Two other Starbucks locations also have taken a union vote. One of the locations rejected unionization; the jury is still out on the other as disputes over ballots are examined. And now an outlet in Starbucks’ hometown of Seattle, where employees once were unionized, has filed a petition to hold a union election Jan. 10, The Seattle Times reported (Dec. 21).
“We see unionizing as a fundamental and necessary way to participate in Starbucks and its future,” four workers wrote in a letter to CEO Kevin Johnson.
KEY ISSUES AT PLAY
Starbucks Executive Vice President Rossann Williams wrote in a letter to employees the company doesn’t think unionization is the proper path, indicating it would be a wedge between Starbucks and its employees. At the same time, she said the company would bargain in good faith with the Buffalo store workers.
Starbucks, which refers to its employees as “partners,” already offers more benefits and higher wages than other fast-food outlets and may be a unique case.
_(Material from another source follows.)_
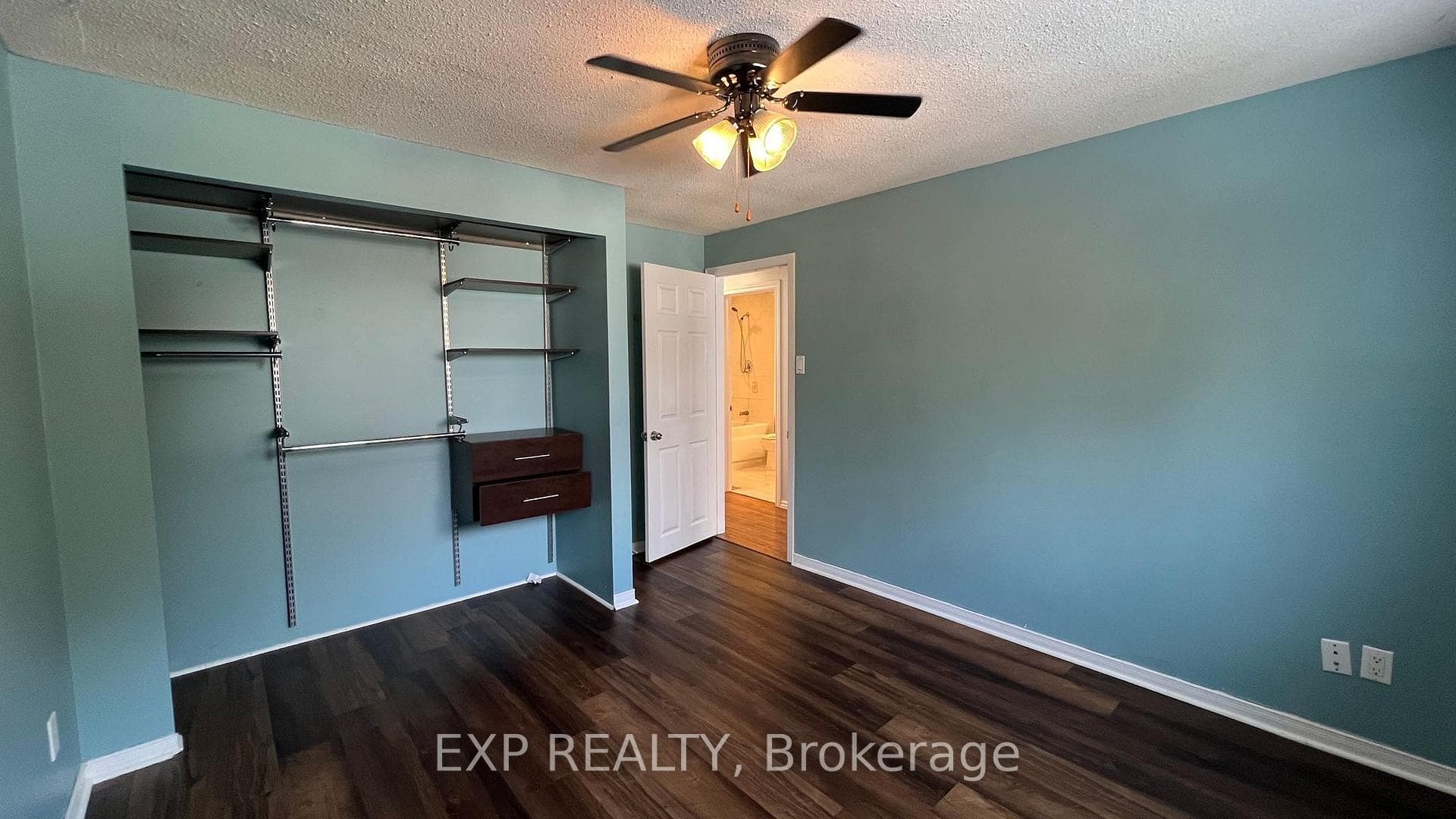 450 Drummerhill Crescent photo 9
There are more than 15,000 locations in the U.S., 8,857 of which are corporately owned. The rest are owned by franchisees. By comparison, McDonald’s corporately owns fewer than 3,000 of the nearly 38,000 U.S. restaurants, for example.
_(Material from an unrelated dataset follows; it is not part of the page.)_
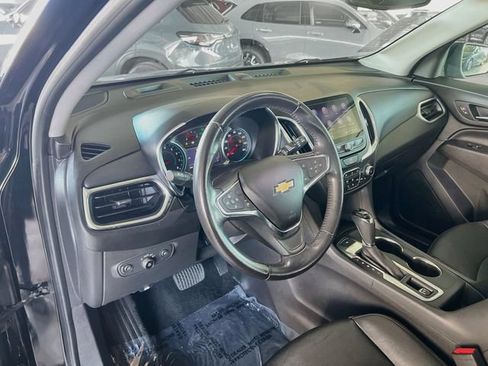 Used 2020 Chevrolet Equinox LT w/ Midnight Edition FWD image 11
“A high percentage of fast-food chains outlets are franchisee-owned. Unionization on a larger scale will be possible only if restaurants are company-owned, and today, more than 90% of popular brands restaurants are franchises,” Johnny Hartin of EffectsBusiness.com, which evaluates franchise opportunities, told The Food Institute.
EMPLOYEES HOLD THE HAMMER
Nick Kalm, president of the public relations firm Reputation Partners, said organizations like the Service Employees International Union have been targeting the quick-serve industry, pushing for the $15 minimum wage and positioning themselves to take advantage of situations where franchise owners have had to cut back hours or close locations because of a dearth of workers.
“Until recently, employers could rely on a combination of high employee turnover, a never-ending supply of workers willing to work for minimum wage (or a bit more) and, for the well-funded company, automation to keep employee numbers down and the unions at bay,” Kalm said. “What’s different now is that employees have been seeing how much their employers need them. They are seeing employers struggling to fill roles – even with higher wages that have reached and even exceeded the $15 an hour goal.”
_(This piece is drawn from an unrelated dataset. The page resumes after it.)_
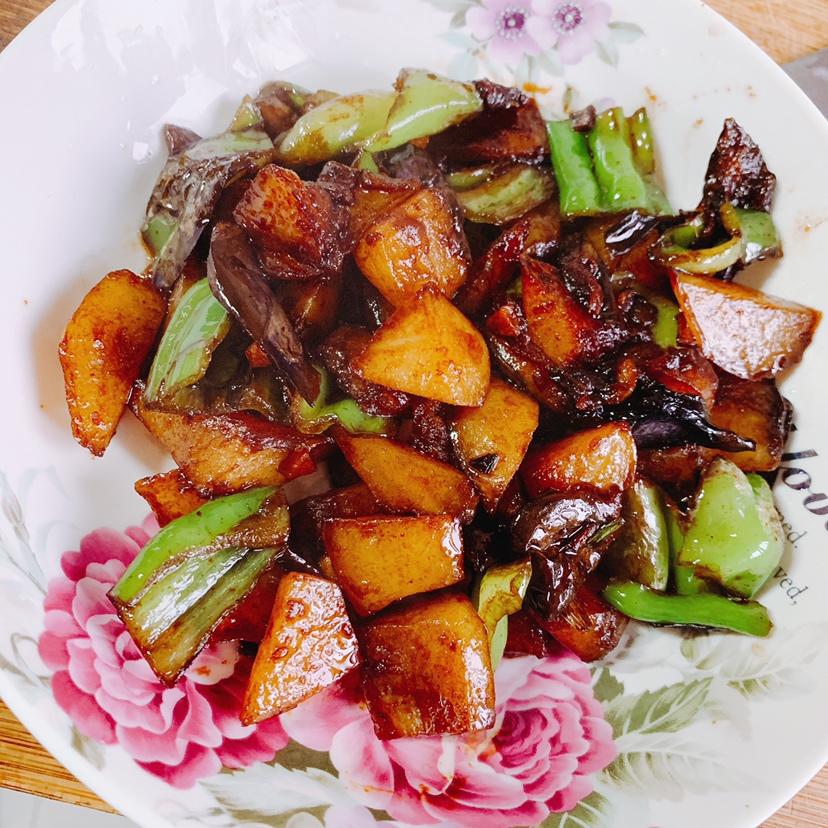 【最正宗的地三鲜的做法_地三鲜家常做法_怎么做好吃】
The number of unionized workers in the United States has been declining for decades but there was an uptick in membership last year and an increase in job actions this year.
A LONG TIME COMING
Carla Diaz, a former food-service worker who founded the internet provider evaluation firm, Broadband Search, said unionization has been a long time coming and could lead to a more stable labor supply in the sector.
“One of the main reasons many decide to leave [the food-service industry] is because they aren’t guaranteed a stable position or a stable salary. A lot of servers and others depend on tips to get by, and in many cases, restaurants often protect themselves and leave their employees with little protection.
“There are two ways this can go: with larger chain restaurants giving in as their employees unionize, or in which they will begin to set restrictions for those who hope to join a union. With smaller family owned or casual diners or restaurants, this will probably not be the case,” she said.